### Task directions
For the entries that follow, retype exactly the lines from the one containing "May include: Two" to the one containing "Recinto de madera", inclusive, and only those. Images stay out of the copy.

### Provided data

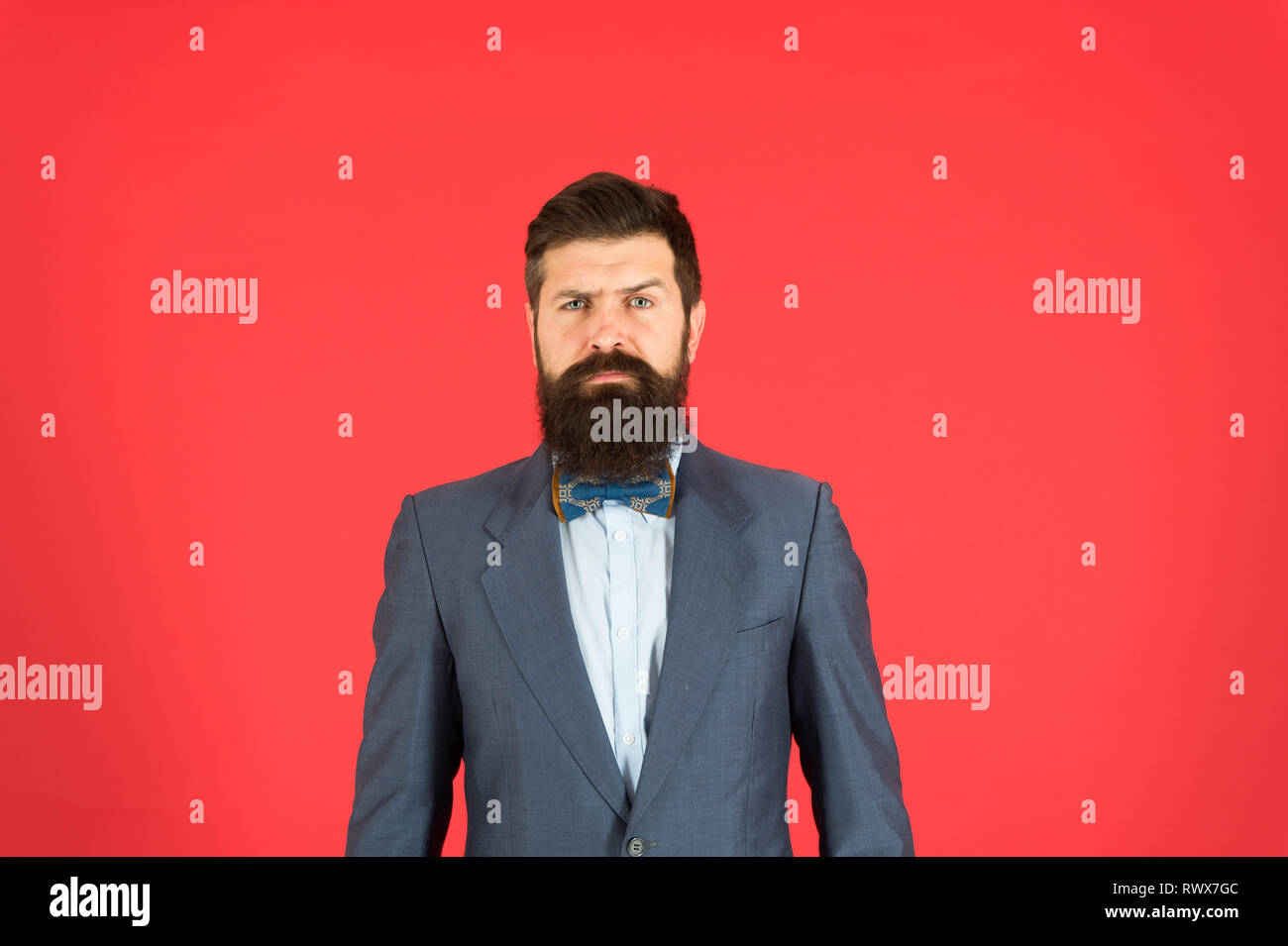 Classy style. Man bearded hipster wear classic suit outfit. Formal outfit.  Take good care of suit. Elegancy and male style. Businessman or host  fashionable outfit on red background. Fashion concept Stock Photo -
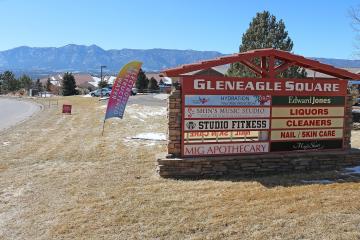 A large outdoor commercial sign for "Gleneagle Square" listing businesses like Studio Fitness and Mig Apothecary, with mountains in the background.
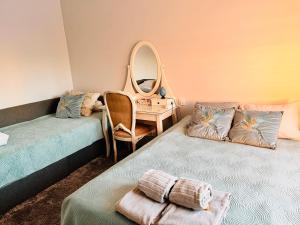 two beds in a room with a mirror and a desk at Vabaduse apartment in Võru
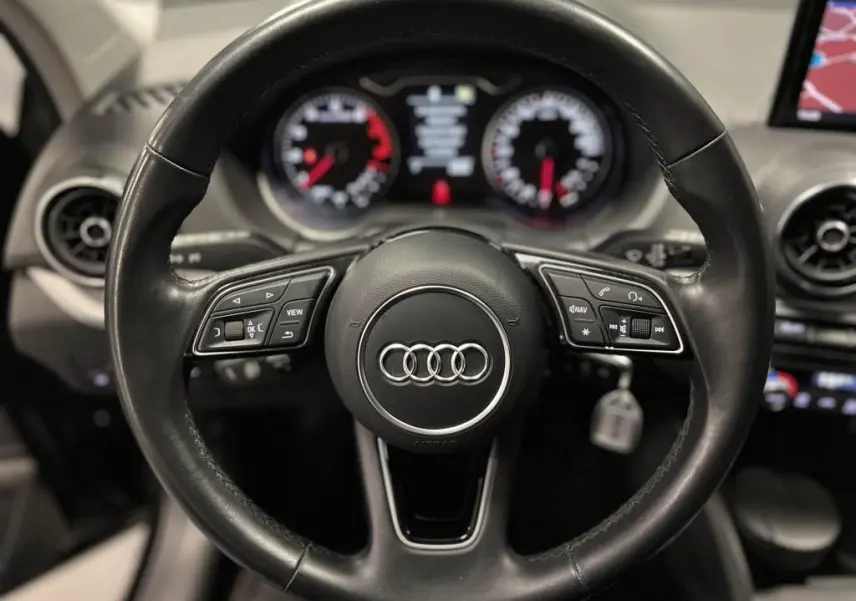 Vue intérieure centrée sur le volant cuir multifonction et la console avec écran de navigation de l'Audi Q2 noire.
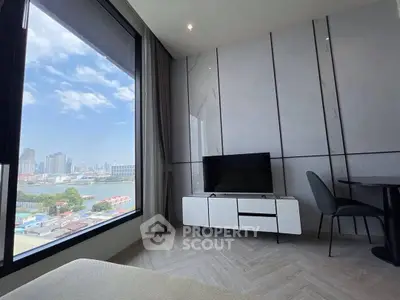 Modern living room with city view and sleek furniture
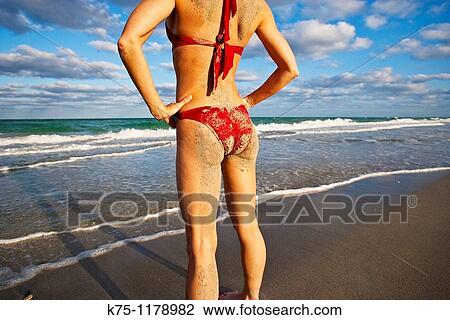 Woman with hands on her hips and sand on her behind View Large Photo Image Stock Image - Woman with hands on her hips and sand on her behind. Fotosearch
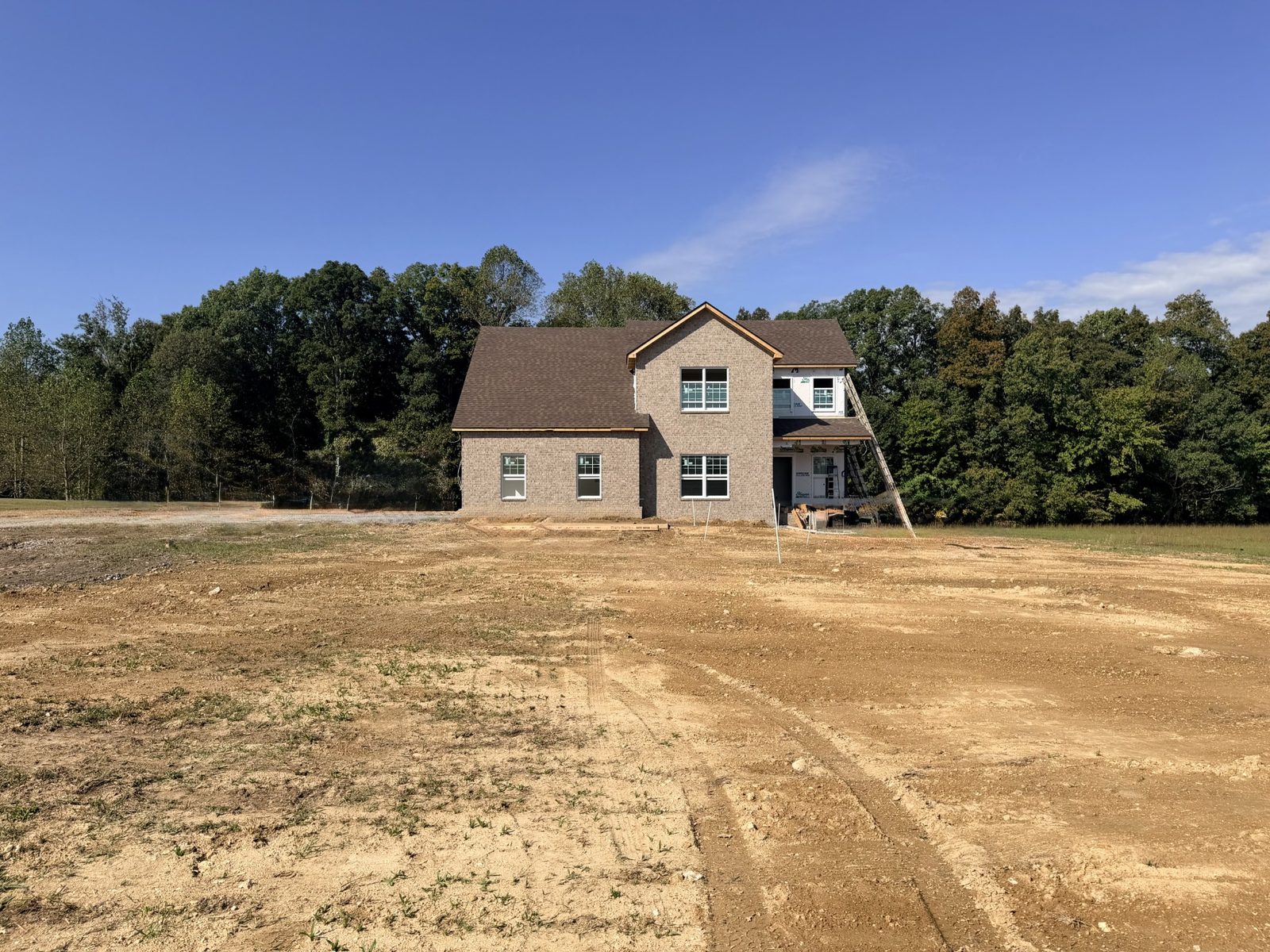 Home set back on a cleared lot with woods behind at 8689 Fredonia Road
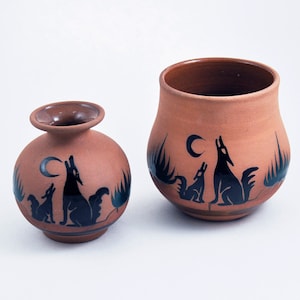 May include: Two terracotta pottery vases with black painted designs of howling wolves and a crescent moon. The smaller vase is on the left and the larger vase is on the right.
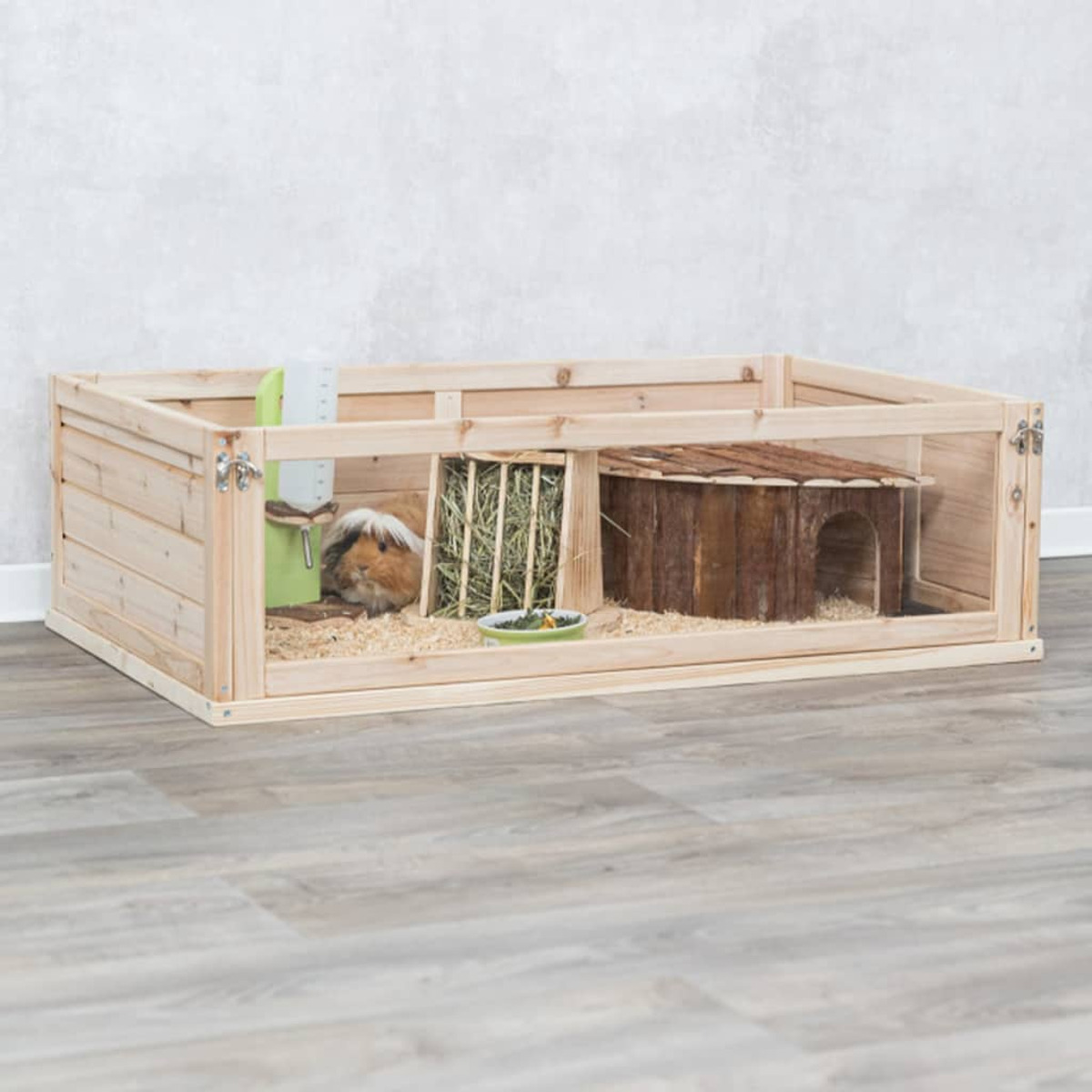Recinto de madera para mascotas con un conejillo de indias dentro. Tiene una casa de madera, comida y agua.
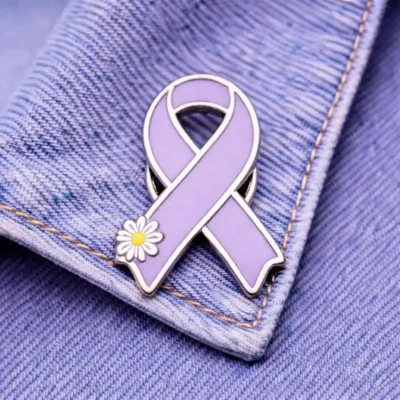A lavender enamel ribbon pin with silver edges and a white daisy design attached to a denim jacket.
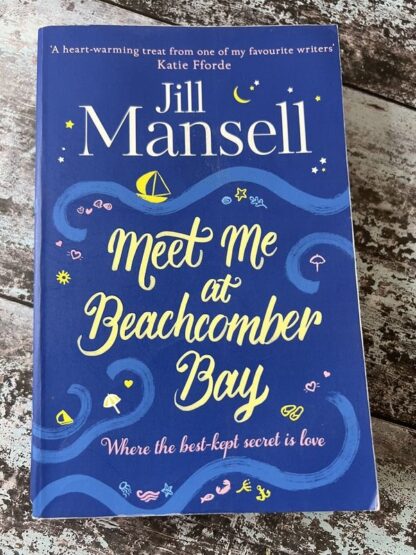 An image of a book by Jill Mansell - Meet Me at Beachcomber Bay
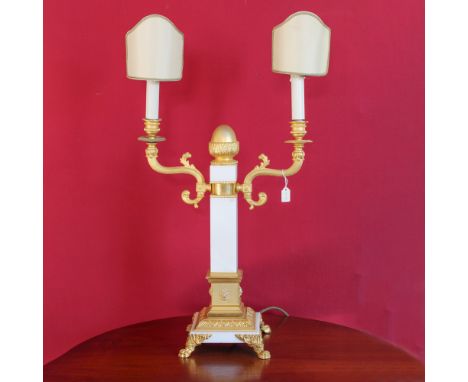Two-light candlestick in gilded bronze and marble Italy, 20th centurychiseled body with Empire-style motifs, stem and base in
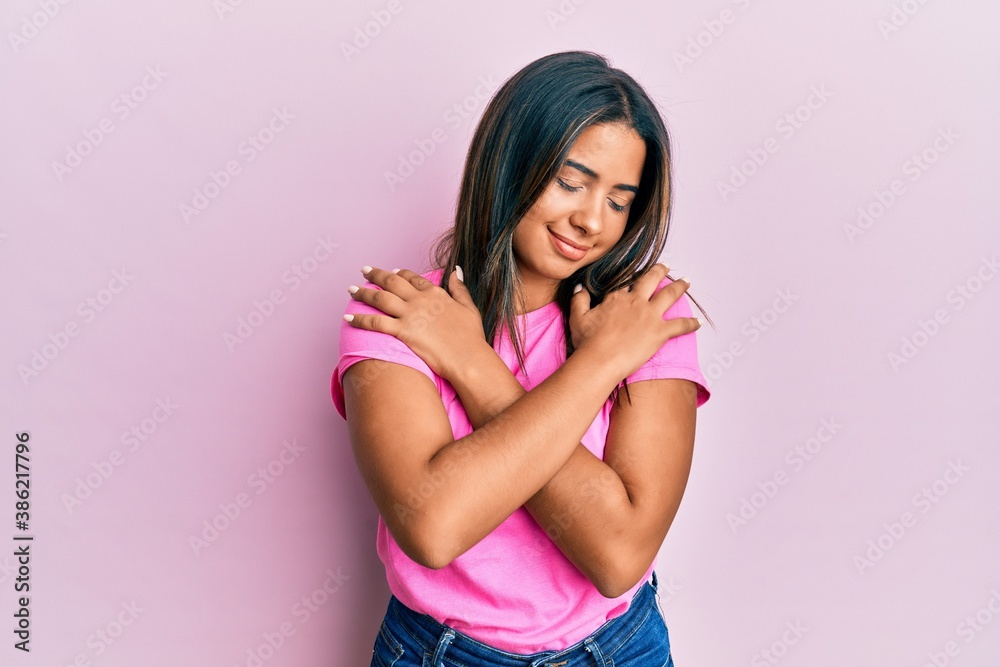 Young latin girl wearing casual clothes hugging oneself happy and positive, smiling confident. self love and self care Young latin girl wearing casual clothes hugging oneself happy and positive, smiling confident. self love and self care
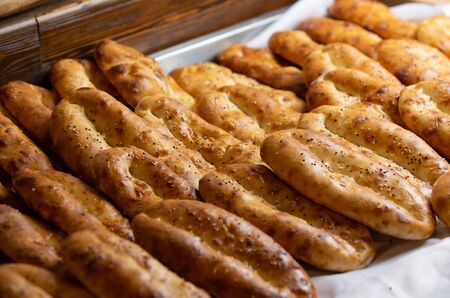 Traditional azerbaijani tandoor breads with sesame seeds on topの写真素材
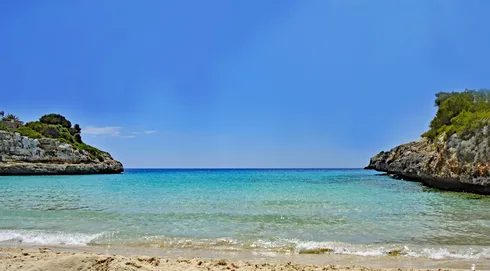 A sandy beach with blue water and a rocky cliff.
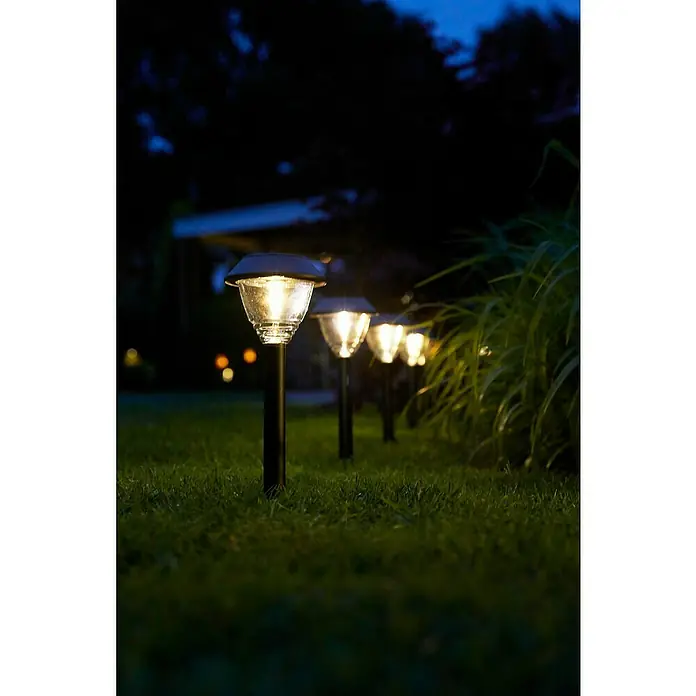 Luxform Solar-Erdspieß Kodiak - L x B x H: 11,5 x 11,5 x 43 cm, Anthrazit, IP44 - Reihe von leuchtenden Solarleuchten im Garten bei Nacht, die eine stimmungsvolle Beleuchtung erzeugen.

### Exercise answer
 May include: Two terracotta pottery vases with black painted designs of howling wolves and a crescent moon. The smaller vase is on the left and the larger vase is on the right.
Recinto de madera para mascotas con un conejillo de indias dentro. Tiene una casa de madera, comida y agua.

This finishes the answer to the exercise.